A quel punto della mia lezione, un mio studente che proveniva
dalla Turchia, ma di origine armena, chiese di intervenire. Gli diedi la
parola e ci raccontò un episodio che riguardava il periodo in seguito
al devastante terremoto che aveva colpito il nordovest della Turchia nell'agosto
del 1999 e che costò la vita a più di 20.000 persone. Secondo
lui, il Ministro della Sanità, Osman Durmus, aveva rifiutato il sangue
di donatori stranieri, dichiarando che non voleva inquinare il sangue dei
feriti col sangue di infedeli. Dissi alla mia classe che era una notizia
che mi era sfuggita e che, se era vero, egli aveva ragione di contestare
le mie lodi per la Turchia.
Quel pomeriggio tornai a casa e feci una ricerca su Lexis-Nexis.
Non solo trovai l'episodio del sangue rifiutato, ma scoprii di peggio. Tre
anni fa, lo stesso Durmus introdusse una legge per imporre la verginità
alle ragazze che vogliono frequentare le scuole superiori statali per diventare
infermiere o ostetriche, obbligandole a subire un esame ginecologico, appunto
per comprovare la loro “purezza”. La legge raccapricciante provocò
non pochi suicidi fra le ragazze che subirono l'intrusione del loro corpo
oltre della loro privacy.
Come se non bastasse, credo che ricordiamo tutti l’episodio che
fece scalpore quest’estate, quando, al mare ad Izmir, per via delle leggi
islamiche che non permettono le donne di portare un costume da bagno, alcune
ragazze fecero il bagno vestite da capo a piedi. Appesantite dai vestiti
bagnati, le ragazze, poi, non riuscirono a rimanere a galla.
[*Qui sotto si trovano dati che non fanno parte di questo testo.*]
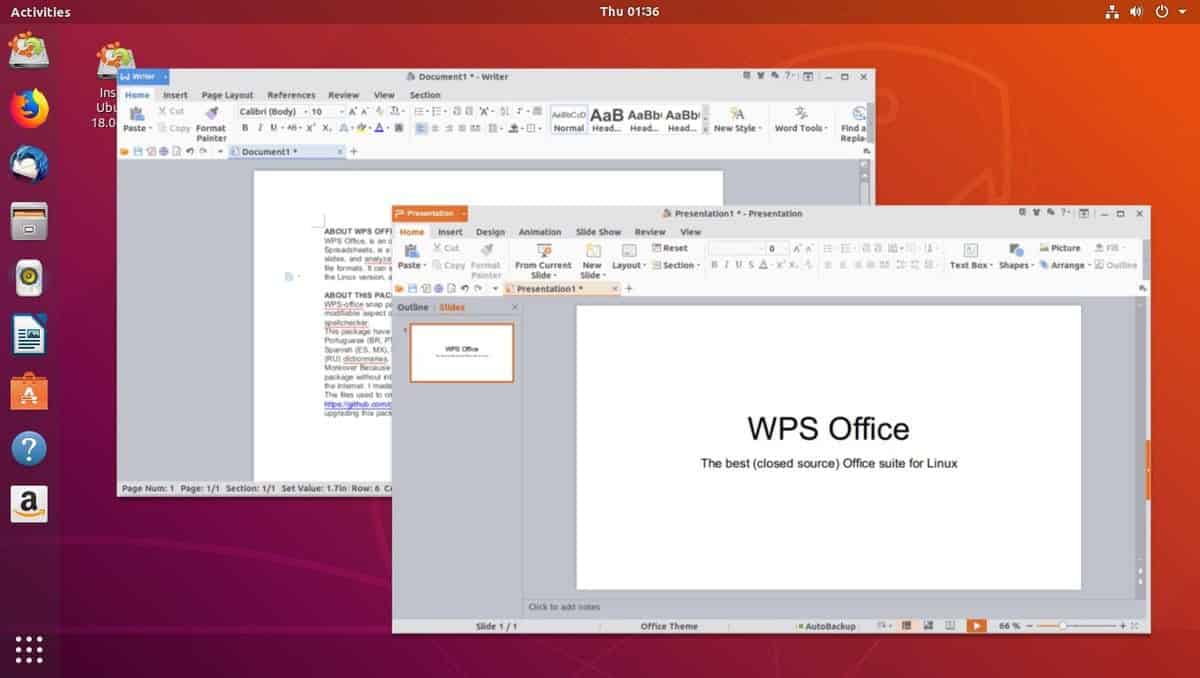 2. Linux WPS Office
Sempre
per via delle leggi islamiche che non permettono ai maschi di toccare le
femmine, il loro “imam” impedì alle ragazze di essere soccorse dai
ragazzi, perché “al solo toccarle avrebbero commesso un atto impuro”
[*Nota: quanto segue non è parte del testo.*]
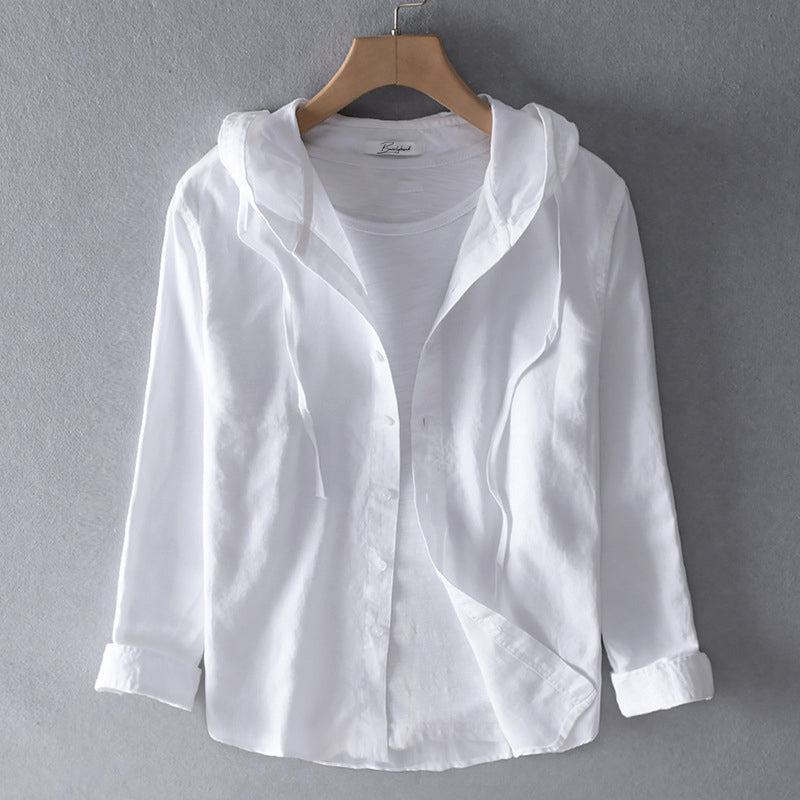 Tori Hooded Cotton Blouse – Soft, Breathable & Effortlessly Stylish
e quindi furono lasciate morire annegate!
Non c'è dubbio che la Turchia è mille passi davanti
ad altri Paesi islamici in termini di democrazia e leggi di mercato, e che
l'Europa e tutto il mondo occidentale deve fare il suo meglio per aiutarla
a procedere in questa direzione. Ma perché ci assomigli per quanto
riguarda i diritti umani, non basta che abolisca la pena di morte o la legge
sull’adulterio. Ha ancora un bel po’ di strada da fare.